On Father's Day, A DCFYI Mentor Reflects on What He's Gained From Mentoring

Years ago, increasingly aware of the difficult situations many of our District youth confront, I sought out a way to become involved as a teen mentor I eventually landed in a dimly lit church basement at a DC Family Youth Initiative event in 2009, and was warmly greeted by the amazing Susan Punnett.

We were quite a diverse, motley bunch (still are!): a divorced man in his 50’s with a sincere desire for a son, gay and lesbian couples of all ages, a number of single women in their 30’s and 40’s looking to foster and adopt. And around all of us, often running, a group of incredibly energetic and endearing teenagers.

It was months later, in the pool on a hot July day, that I met Robert, age 15, struggling to stay afloat in the deep end of both water and youth. We soon matched as mentor/mentee.

In our six years together Robert bounced from 4 different foster placements, changed high schools, and rode the usual peaks and valleys of the adolescent coaster. Truthfully I've felt myself to be a pretty average mentor, no saint. There were missed opportunities, frustrations. These are the teenage years. But it turns out that just being there, a stable caring presence, believing in him and conveying it, is much of the work, at least the most important part. 

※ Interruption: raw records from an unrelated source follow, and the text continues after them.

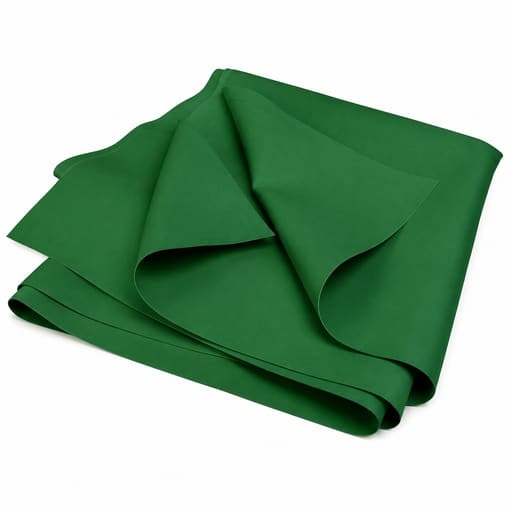 Premium Indian Mackintosh Sheet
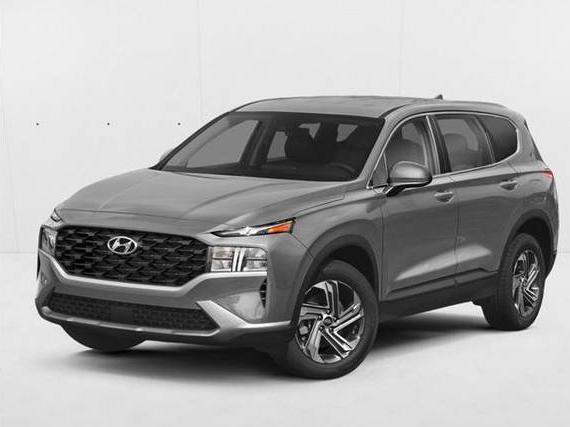 HYUNDAI SANTA FE 2022 5NMS1DAJ7NH433326 image
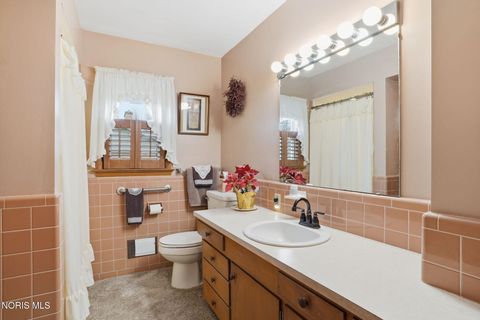 Tiny photo for 630 Winterhaven Drive, Findlay, OH 45840 (MLS # 10005876)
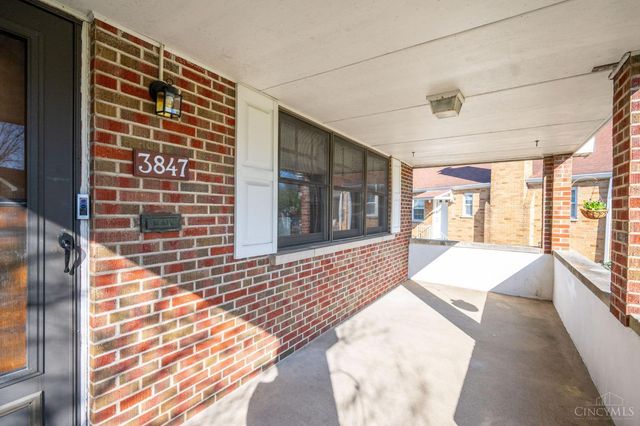 3847 Maywood Court, Cincinnati, OH 45211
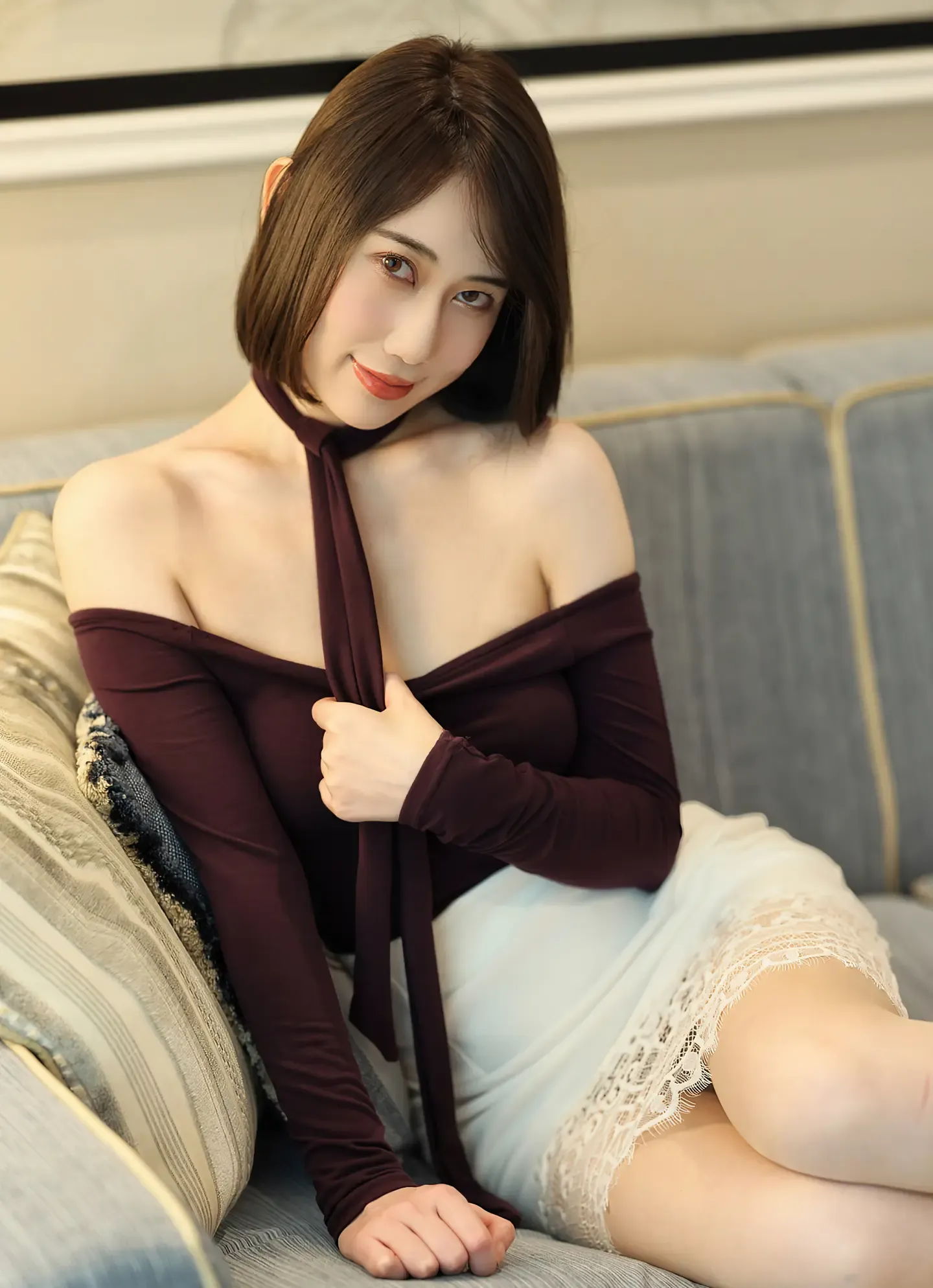 瑞妤 IMiss爱蜜社 2024.07.29 VOL.773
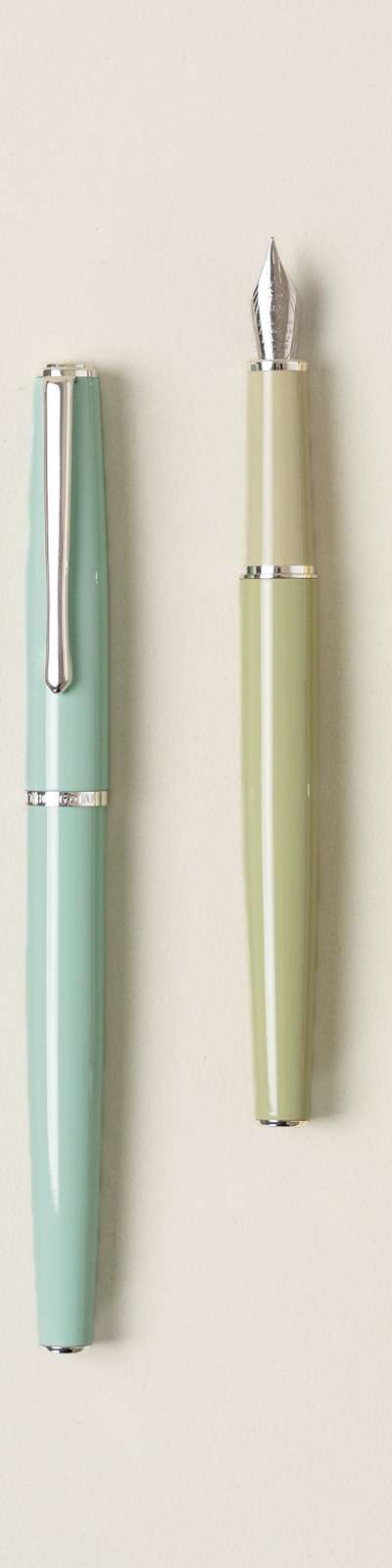 Hongdian 920s Fountain Pen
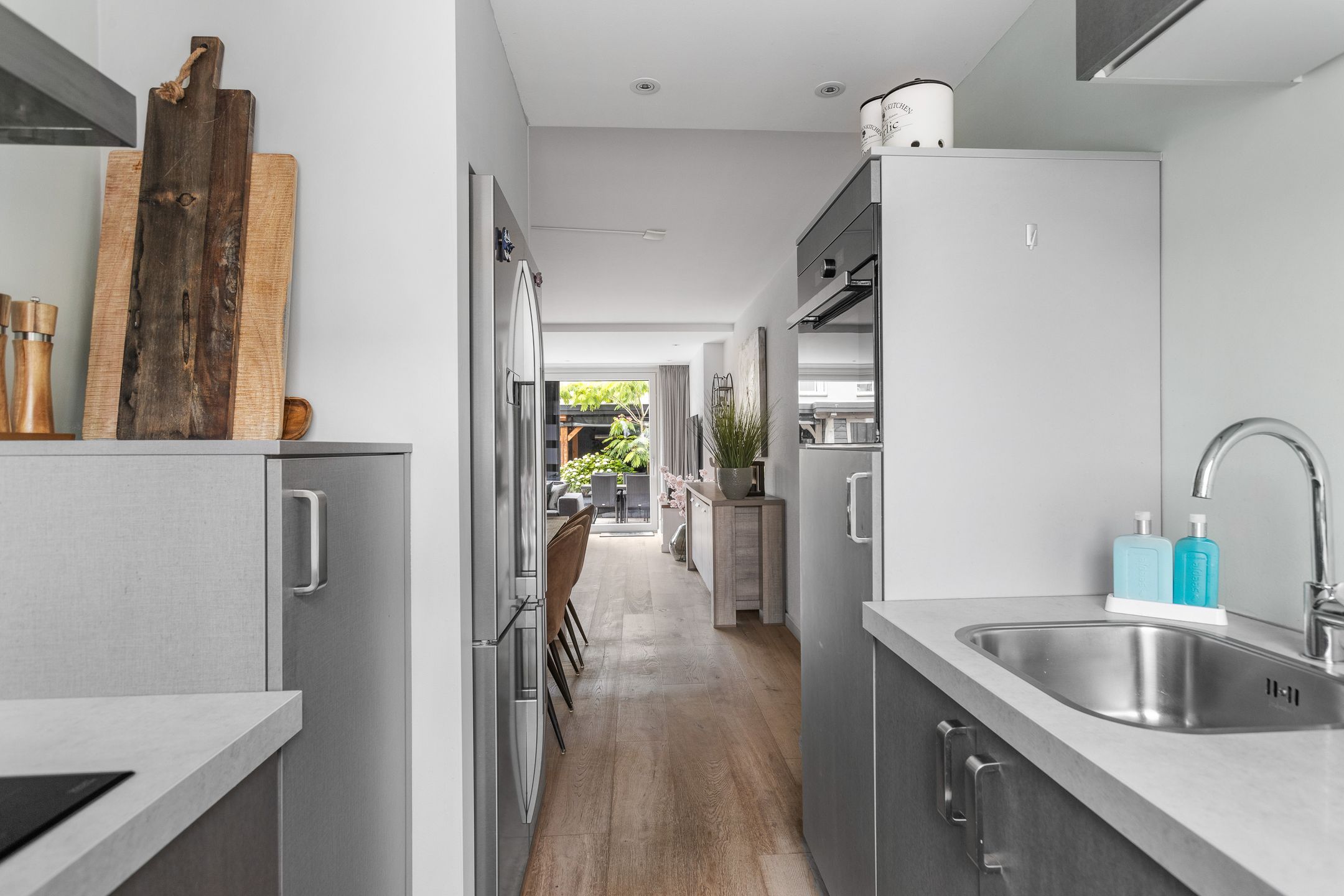 Foto 12 van Trompetstraat 64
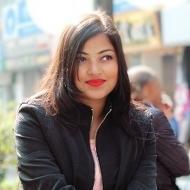 Nayanika P. Class I-V Tuition trainer in Guwahati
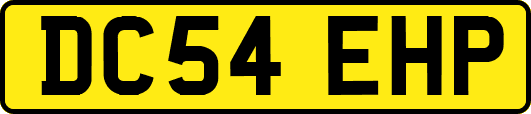 DC54EHP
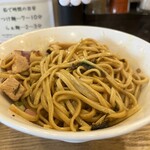 麺道 ひとひら - 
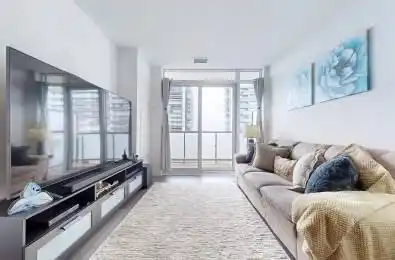 2550 SIMCOE Street Unit# 712 Oshawa Ontario L1L 0R5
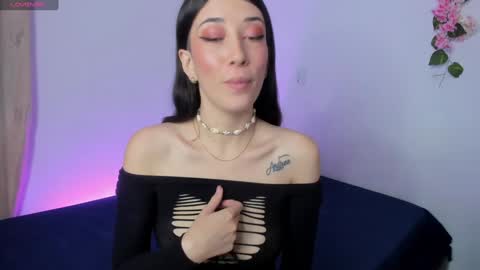 Lia R  online show from January 26, 3:48 am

And the sweet stuff is sweet. I once played coach for his audition monologue (A Raisin in the Sun), feeling the pure soul come charging through his words, knowing he would be one of the 10% accepted to a DC high school for the performing arts. 

Another time we hiked through the woods together I listened to him describe how, despite his two brothers in jail, a decade of foster homes, his loving mother a reforming substance abuser, he would rise, be the exception, in wonder and awe: how can such conviction and hope seed itself in such adversity? 

While inspired, I found it impossible not to savor the uniquely awkward, novel situations I was pushed into. Driving back from a teen sex-ed session with Robert and a few other boys to their foster home, I fielded all the unasked questions in class. Everything you can imagine. And somehow I knew that however awkward, I was in the right place. 

The ‘equal worth of every child’ is perhaps the most facile of phrases that holds within a fundamentally radical principle. For it forces the question of whether we might truly hold another as our own. I suppose I started my time with Robert asking this question intellectually, and found my answer not long after. We were once reminiscing about how much he had grown, laughing together about a question he asked about chocolate milk years ago (‘no, it usually doesn’t come from the brown cows!’). We later turned to each other, hugging. ‘Love you, man’.

From school dance performances to high school graduation, our college visit together, and now with his first college year completed, it’s been predictable, humid eyes, every time. Over the past years I started asking more questions of myself: were Robert my own son, could my heart could swell any more with pride and love? Have I done anything more meaningful?